In base all’art. 20.1 della bozza di regolamento sui pagamenti diretti, lo Stato membro può decidere di applicare lo schema di pagamento di base a livello regionale. In tal caso deve definire le regioni sulla base di criteri oggettivi e non discriminatori di carattere agronomico, socio-economico o relativi al potenziale agricolo, oppure può riferirsi alle strutture istituzionali o amministrative (Pupo D’Andrea, Vanino, 2013). La battaglia è cominciata tra le Regioni con riferimento alla ripartizione amministrativa. Mentre altri Stati membri (es. Germania, Danimarca, Finlandia e tutti i paesi dell’Est Europa) hanno già adottato da tempo una formula di regionalizzazione, la ragione per cui l’Italia appare divisa e in ritardo è chiara. La distribuzione dei pagamenti diretti è in Italia particolarmente squilibrata, come si può osservare in figura 4 che riporta i valori nel 2012 per ettaro di Sau censita (riferita al 2010). Le regioni avvantaggiate (specie Lombardia, Veneto e Puglia) spingono per la ripartizione su base amministrativa, alle svantaggiate (specie Valle d’Aosta, Trentino Alto Adige, Abruzzo e Sardegna) conviene un altro criterio, tra i quali quello dell’Italia “regione unica”, con un pagamento flat ad ettaro uguale su tutto il territorio nazionale.

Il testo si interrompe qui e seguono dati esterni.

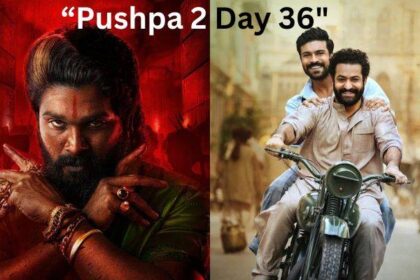 Pushpa 2 Box Office Collection Day 36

Figura 4 - Pagamenti diretti Pac per regioni amministrative

Totale pagamenti diretti su media 2008-12 Sau censita (euro)
Fonte: Ns. elaborazioni su rendicontazioni sui pagamenti Pac all’UE

Ci sono comunque altre possibili letture della distribuzione territoriale dei pagamenti diretti, oltre a quella per regioni amministrative. In figura 5 sono rappresentati i pagamenti diretti per ettaro di Sau con riferimento a differenti gradi di ruralità dei comuni italiani, adattando per lo scopo di questo articolo la metodologia proposta da tempo dall’Ocse e recepita dall’Unione Europea (Oecd, 1994; Oecd, 1996; Eurostat, 2010). Sulla base della densità demografica, i comuni sono stati classificati in cinque classi: (a) rurale profondo (≤50 ab/km2); (b) rurale elevato (>50 e ≤100 ab/km2); (c) rurale leggero (>100 e ≤150 ab/km2); (d) urbano leggero (>150 e ≤200 ab/km2); (e) urbano (>200 ab/km2). È evidente in figura la relazione inversa molto netta tra pagamenti diretti e ruralità. Più il comune è urbano, più pagamenti diretti riceve, più aumenta il grado di ruralità più quelli scendono. I comuni profondamente rurali sono 2.201. Ad essi vanno in media 155 euro ad ettaro. Poi vengono i 1.644 del rurale elevato con 273. Quindi i 978 rurali con 353, i 599 urbani leggeri con 384. Last but not least, è proprio il caso di dire così, i 2.655 comuni urbani con 494 euro ad ettaro. In altre parole, rispetto al pagamento medio italiano ad ettaro, al rurale profondo arriva il 49%, mentre all’urbano va il 157%. Tre volte di più.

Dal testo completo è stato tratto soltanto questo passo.